Segundo números da polícia local, cerca de 10 mil brasileiros estiveram ontem na cidade, atraídos pelo jogo da seleção

Não foram necessários nem a programação de agências de turismo nem guias contratados. A massa anônima de brasileiros que invadiu ontem Nantes se agregou espontaneamente e, no boca-a-boca, dividiu sozinha seu dia em lugares-chave a ser visitados.
Cerca de 10 mil brasileiros estavam em Nantes ontem, segundo números da polícia. Grande parte fez o mesmo roteiro, que começava na estação de trem perto do rio Loire, que cruza Nantes.
Então, descobria-se que o próximo passo deveria ser pegar o tranvia, espécie de ônibus-trem, em direção à praia de Copacabana, a falsa princesinha de Nantes.
A primeira parada acontecia na praça em frente à rua Sainte Catherine, endereço do hotel Mercure, onde se hospedou a seleção brasileira. A cada carro que saía, todos corriam para ver quem era.
"Acho que eles não vão mostrar as caras, mas não desisto", dizia o paulista Placidino Stábile, que esperava havia uma hora.

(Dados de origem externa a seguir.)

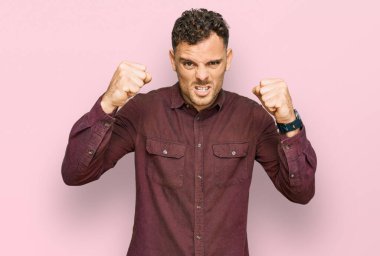 Öfkeli ve kızgın giyinmiş genç İspanyol adam öfkeyle bağırırken kızgın ve öfkeli yumruklar sallıyor. öfke ve agresif konsept. 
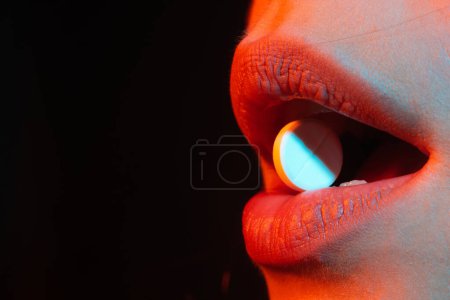 Photo for Pill in mouth close up. Woman taking pills, closeup. Sick ill woman holding antidepressant painkiller antibiotic pill. Take medicine. Female tongue with tablet pills. Lips holding pill in mouth - Royalty Free Image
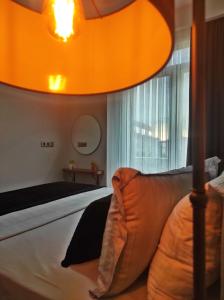 伊斯坦布尔SABIHA GOKCEN HOTEL İSTANBUL HOUSES的一间卧室配有一张床和一个大型橙色灯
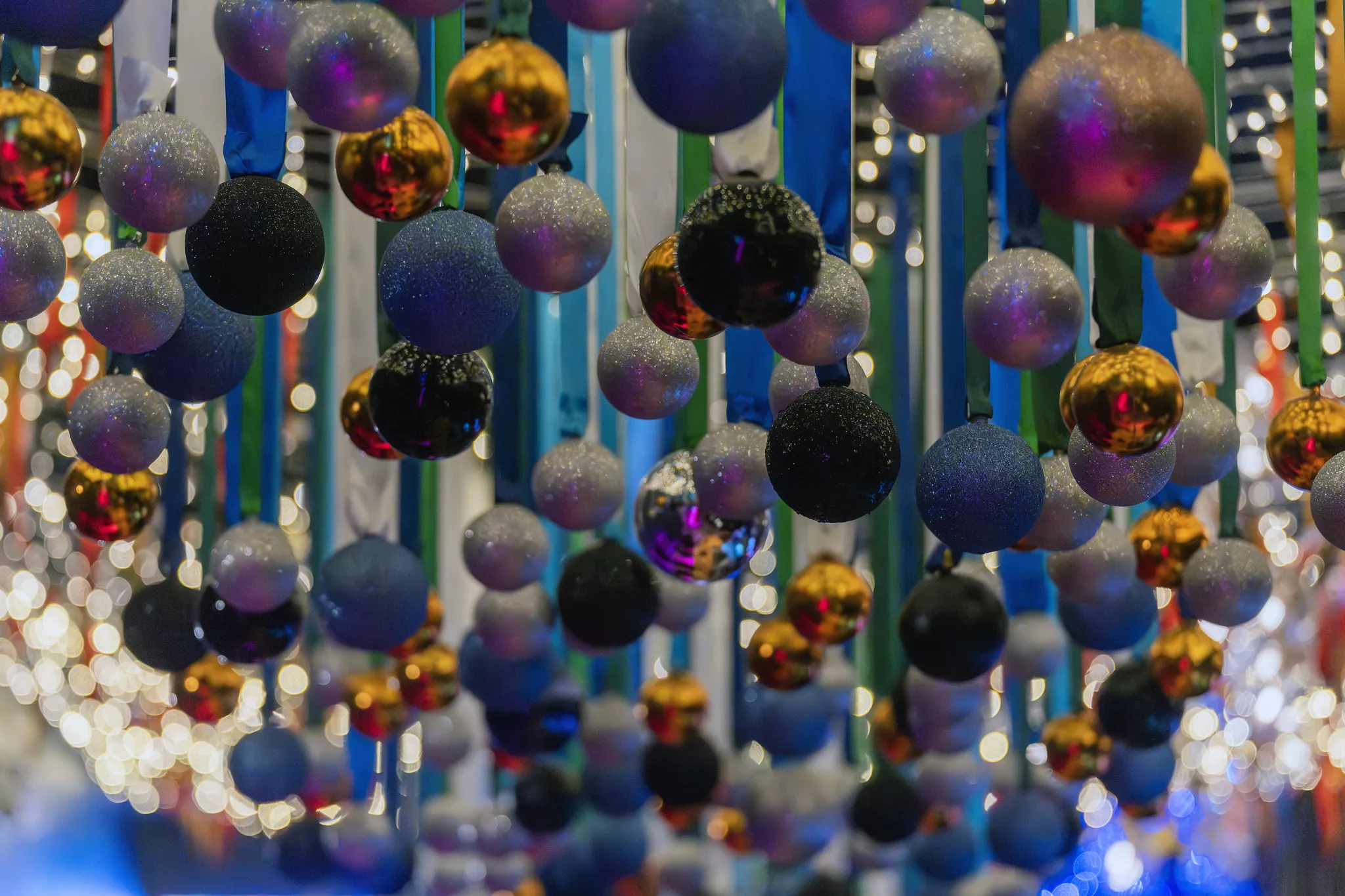 Christmas Ball shaped ornaments hang from a ceiling in a cluster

O hotel, um três estrelas construído em 1912 que já recebeu David Bowie e Jacques Chirac, fica a 50 metros da praça Sarajevo, também conhecida como do Comércio, onde uma pequena, porém ruidosa, torcida do Marrocos se reunia -esse era o passo seguinte do torcedor brasileiro em Nantes.
O grupo, cerca de 50 pessoas, vestia-se com as cores da bandeira de Marrocos, tocava pandeiros e gritava palavras de ordem que cinco dos marroquinos parados pela reportagem da Folha se recusaram a traduzir.
"Todas são muito respeitosas e falam apenas que o Marrocos vai ganhar", disse um deles, que não quis se identificar, durante uma marchinha que trazia nitidamente a palavra "Brasil" no coro.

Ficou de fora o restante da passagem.